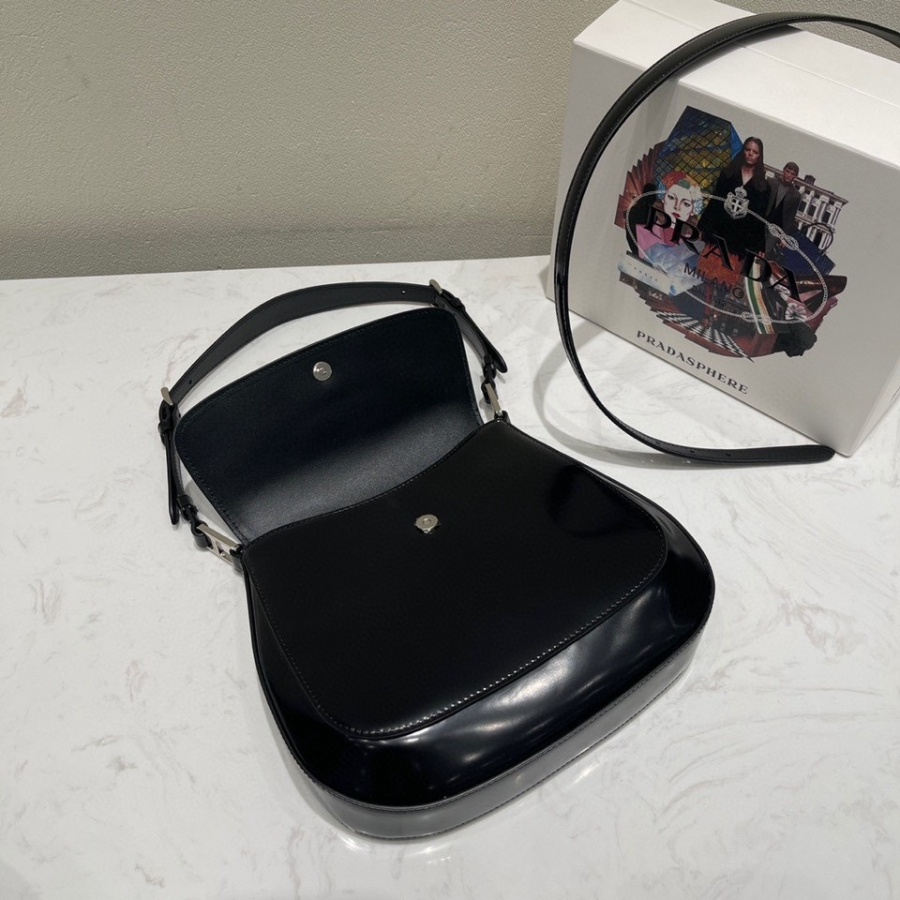 프라다 클레오브러시드숄더백 블랙7.jpg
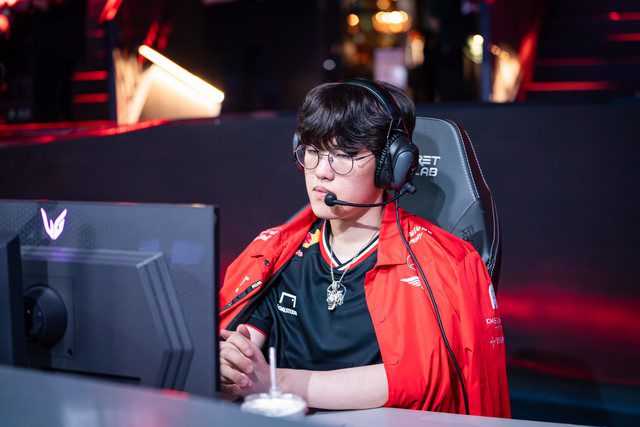 Oner tried hard, but two lost Smite attempts significantly contributed to T1's complete defeat.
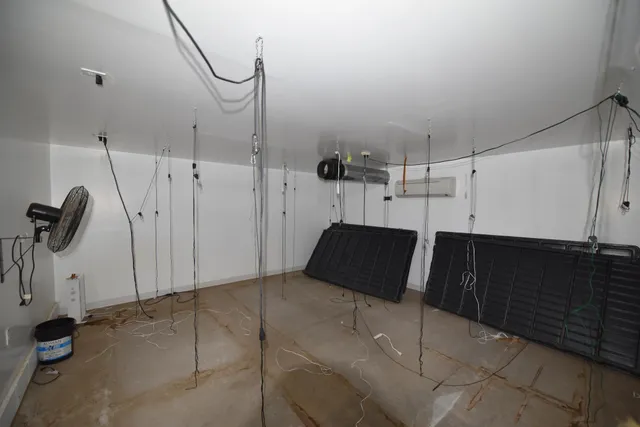 $500,000 | 18625 Skunk Lake Road, Sandstone, MN 55072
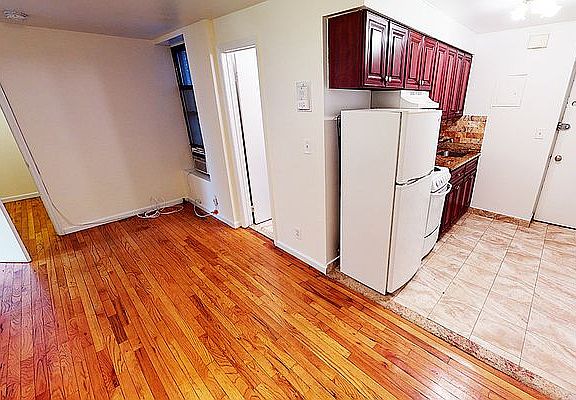 4th image of 301 E 85th St APT 10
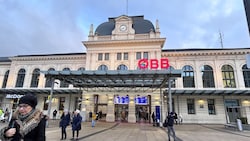 Ärgerlich: ein Vogel sorgte dafür, dass ab 21 Uhr nichts mehr ging. Der Schaden wurde erst weit ...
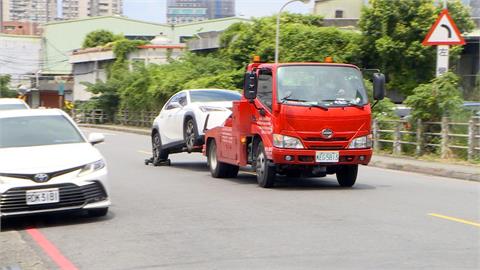新北「最速拖吊」掉漆！　遭拖吊車脫鉤落地撞人行道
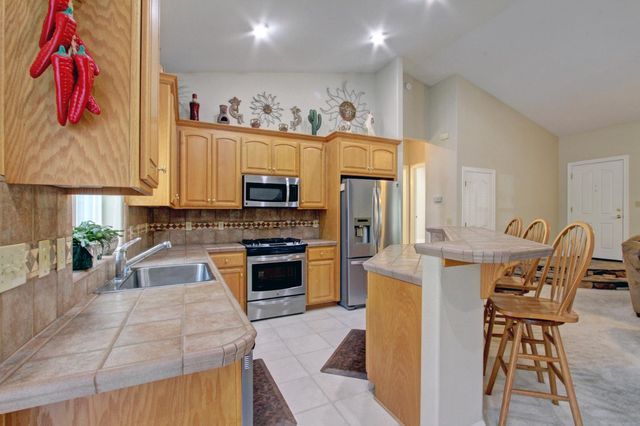 10538 Rock Hill Rd, Rough And Ready, CA 95975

* **WORK ITEM**: In the data above, find the line containing "新北「最速拖吊」掉漆！　遭拖吊車脫鉤落地撞人行道", then output it and every later line exactly, without the pictures.

* **EXPECTED ANSWER**:
新北「最速拖吊」掉漆！　遭拖吊車脫鉤落地撞人行道
 10538 Rock Hill Rd, Rough And Ready, CA 95975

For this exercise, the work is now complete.